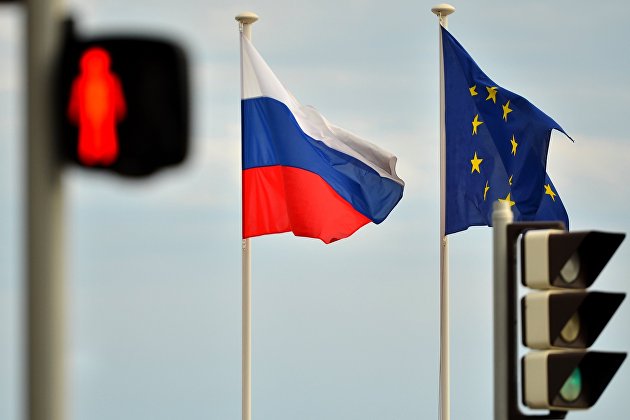 Флаги России, ЕС и светофор
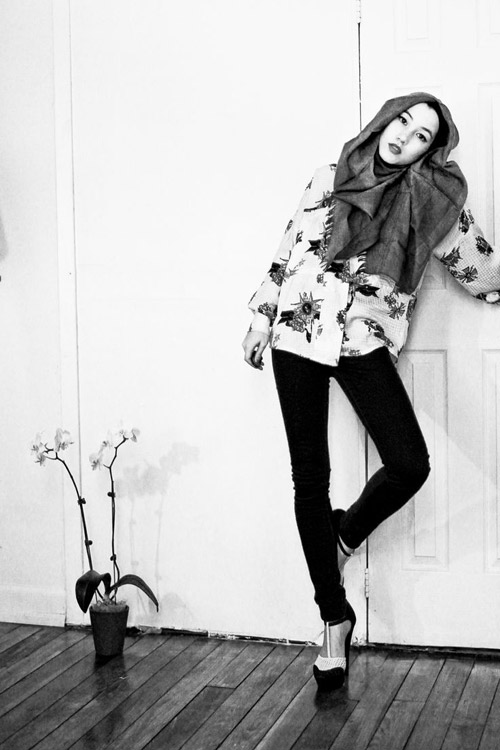 Cô gái Hồi giáo quot;nổi như cồnquot; vì mặc đẹp - 7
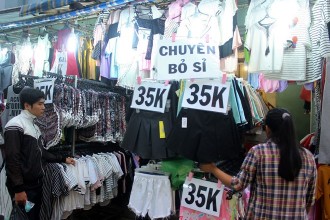 Thời trang đại hạ giá hút khách bình dân Sài Gòn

*PROBLEM REQUIREMENTS*:
Please write out all of the material above without changing a word, and omit any pictures.

*SOLVED EXERCISE*:
 Флаги России, ЕС и светофор
 Cô gái Hồi giáo quot;nổi như cồnquot; vì mặc đẹp - 7
 Thời trang đại hạ giá hút khách bình dân Sài Gòn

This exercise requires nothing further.